At the University of Missouri, researchers discovered comments left by other Facebook users on profile pictures affect the level of perceived attractiveness of the profile owner physically, socially and professionally.
Of the 850 million individuals who use Facebook to communicate, many are aware the profile picture is the first photo visible. Many users are able to post comments about each profile image, which is visible to other people who may view the same photo. It was discovered photos that included social cues, additional information about the individual and positive comments are viewed more socially and physically attractive than other users who have fewer social cues and negative comments.

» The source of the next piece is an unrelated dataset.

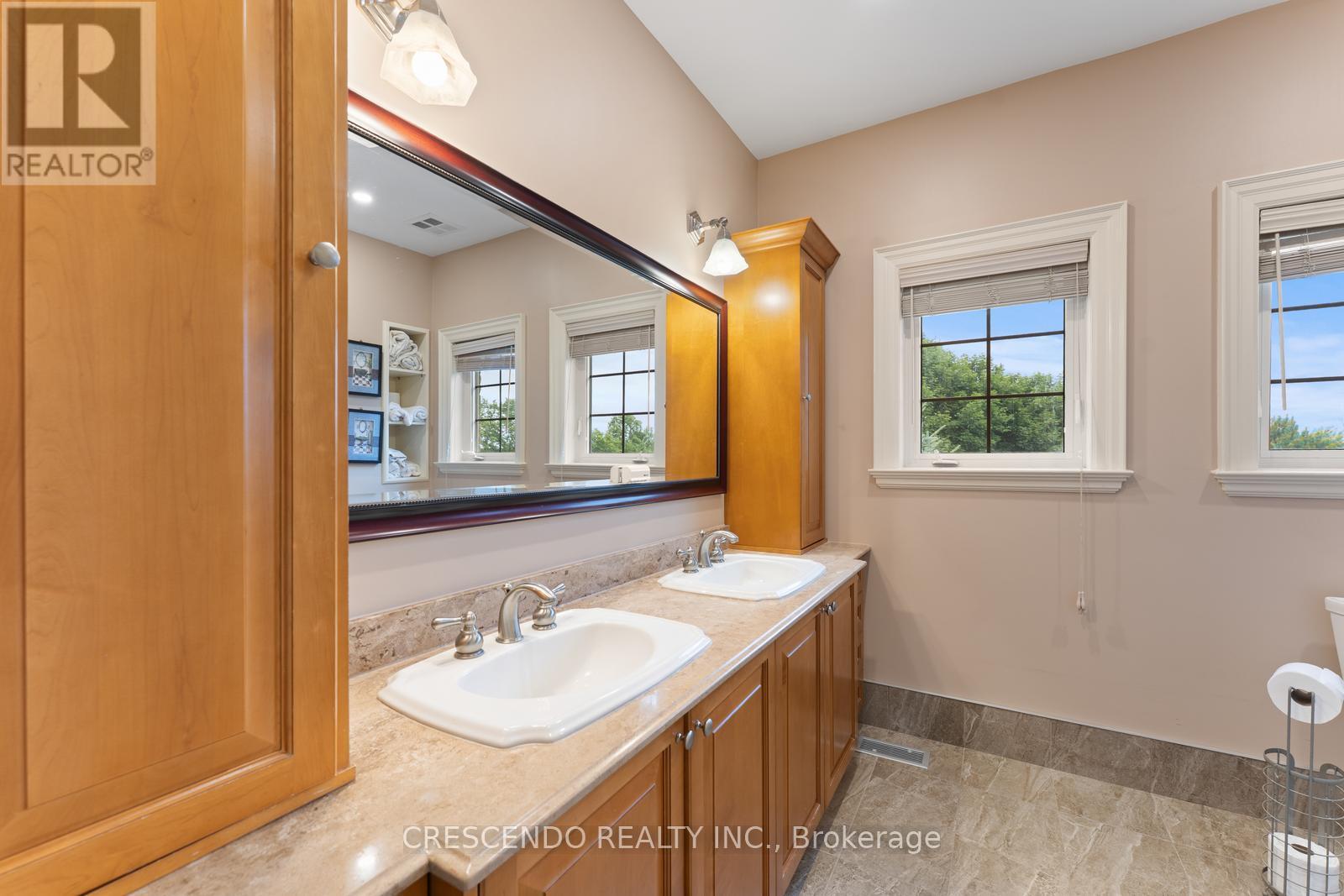 2 Prince Adam Court, King, ON - Indoor Photo Showing Bathroom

Images with social cues included photos that gave you further information about who that person is. For instance a social cue of a musician may be a photo of that individual playing an instrument.
Seoyeon Hong, a doctoral student, conducted the research along with Kevin Wise, an associate professor at the University of Missouri School of Journalism and other doctoral students.
For the study, hundreds of college students were instructed to rate and view Facebook profile photos of a particular individual. Hong and Wise discovered individuals with Facebook profile photos with social cues were seen to be more physically and socially attractive than images with headshots.
"These findings show how important it is to present yourself strategically on Facebook," Hong said. "If you want to be perceived positively by people who view your profile page, including friends and potential employers, it is important to include profile pictures with positive social cues. No matter what the profile owner does to tailor their Facebook page, comments left on their page from other users should be monitored as well. Positive comments are very helpful, but negative remarks can be very damaging, even if they are silly or sarcastic."
Hong recommends using profile pictures with social cues to demonstrate who you are in a positive light, as well as keeping track of negative comments.
The study was published in the journal Cyberpsychology, Behavior, and Social Networking.